■ **RECORDS FOR THIS TASK**
———

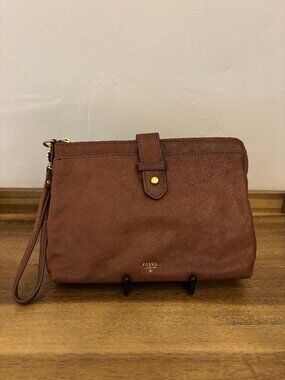 Fossil Bown Distressed Leather Wristlet Wallet Clutch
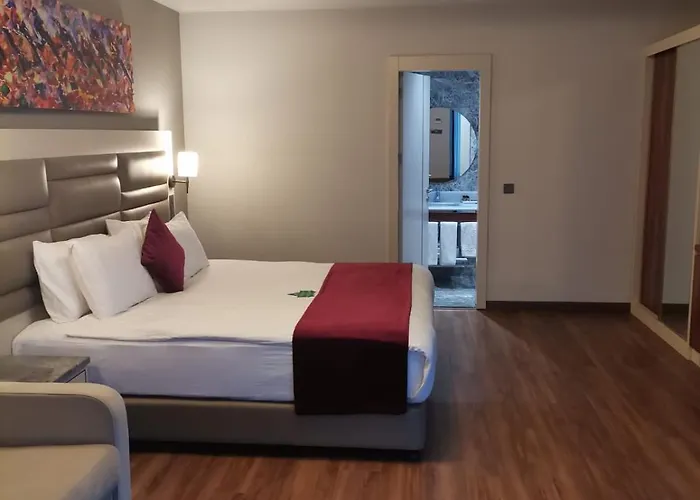 Golden Royal & Hotell 4*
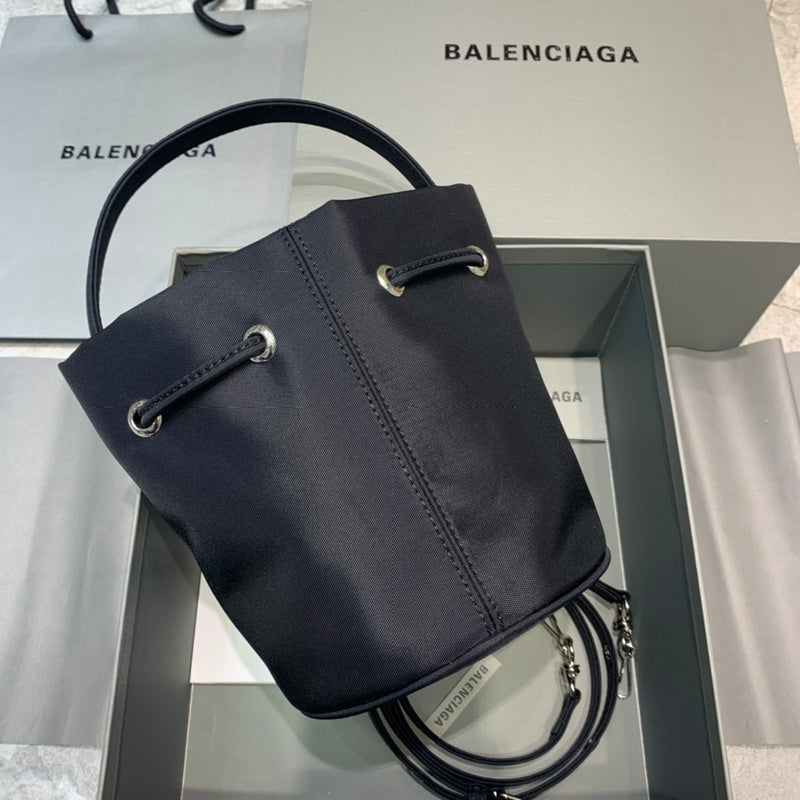 Statement Premium PU Leather Handbag - Polished Finish | Women's Fashion Handbag #601 - close-up detail shot (image 3) of designer-inspired handbag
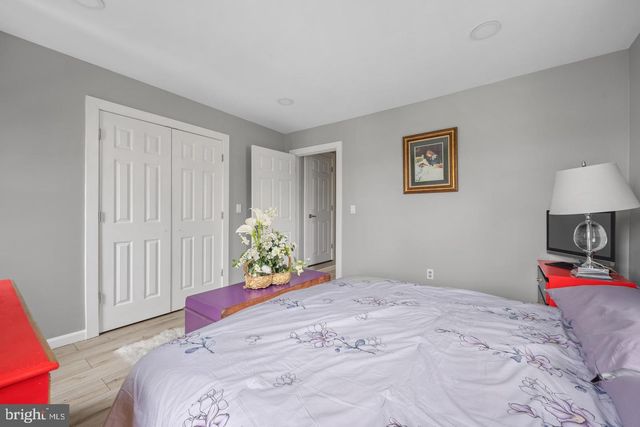 121 CLEVELAND AVE, Riverside, NJ 08075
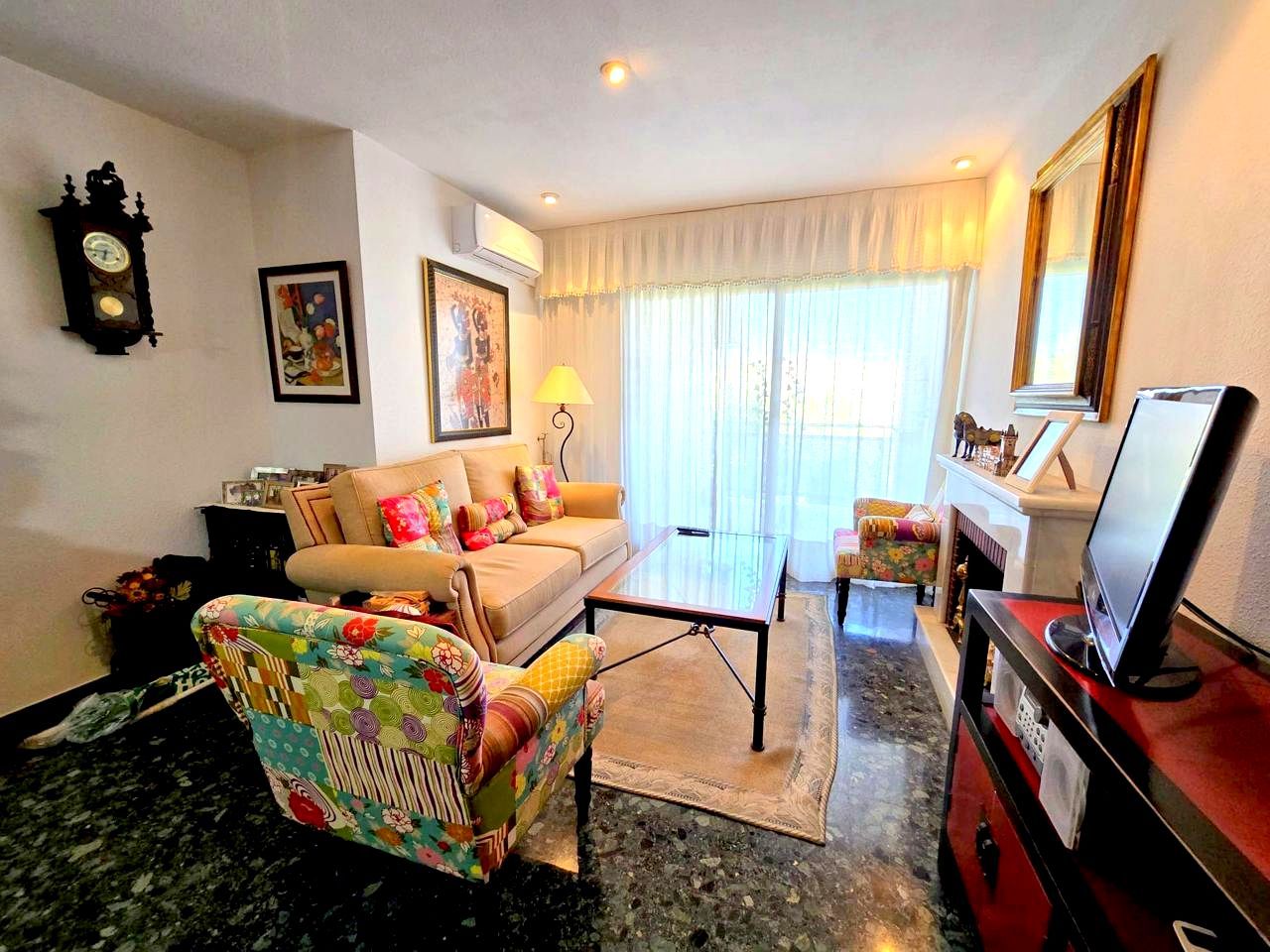 Sala d'estar de Apartament en venda en Gandia amb Aire condicionat, Terrassa i Moblat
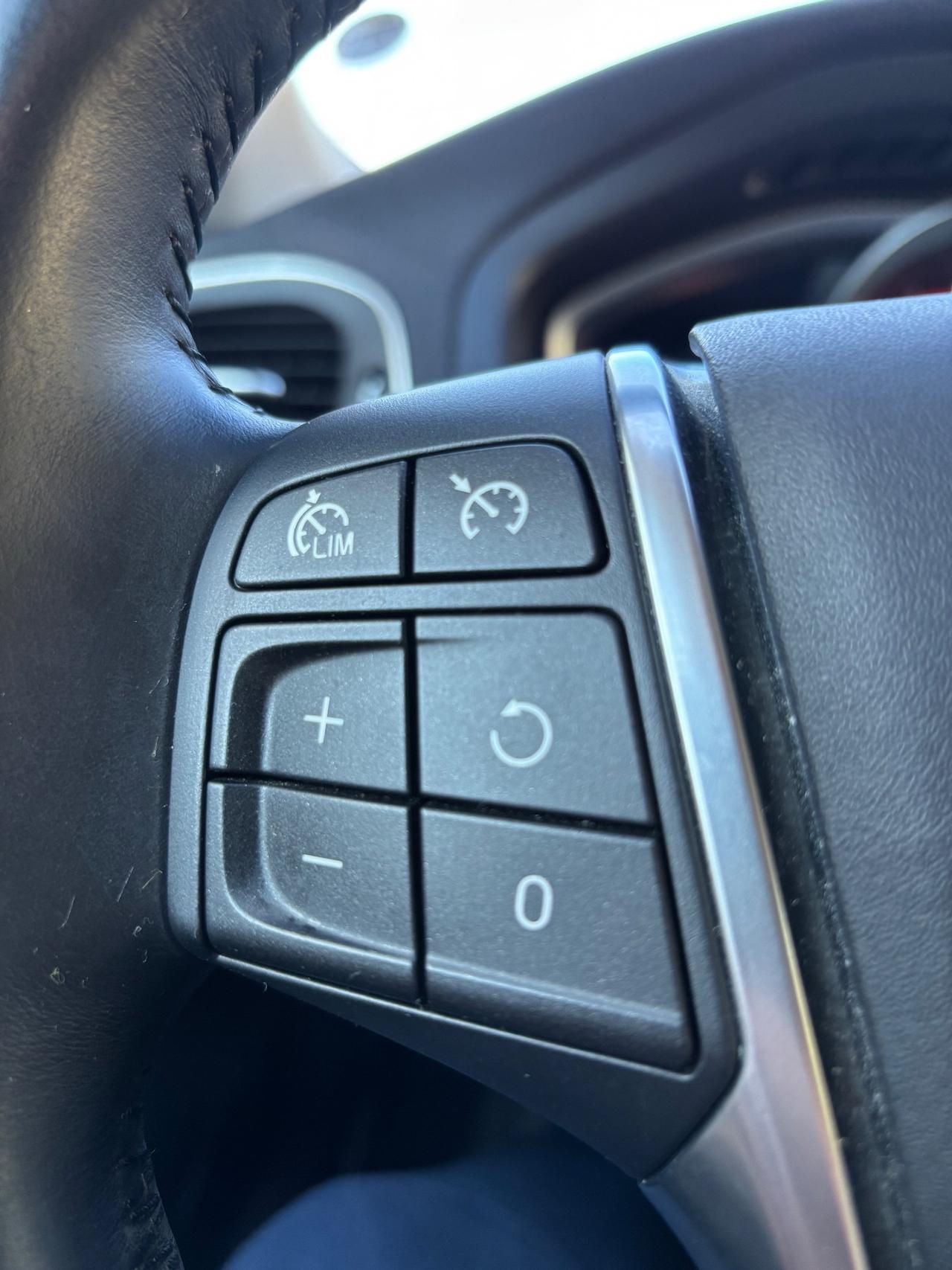 Volvo V40 Cross Country D2 1.6 Summum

———

■ **ASSIGNMENT**
Give again exactly the lines from the one holding "121 CLEVELAND AVE, Riverside, NJ 08075" to the final line of the records, both ends included; any pictures stay out.

■ **EXPECTED ANSWER**
 121 CLEVELAND AVE, Riverside, NJ 08075
 Sala d'estar de Apartament en venda en Gandia amb Aire condicionat, Terrassa i Moblat
 Volvo V40 Cross Country D2 1.6 Summum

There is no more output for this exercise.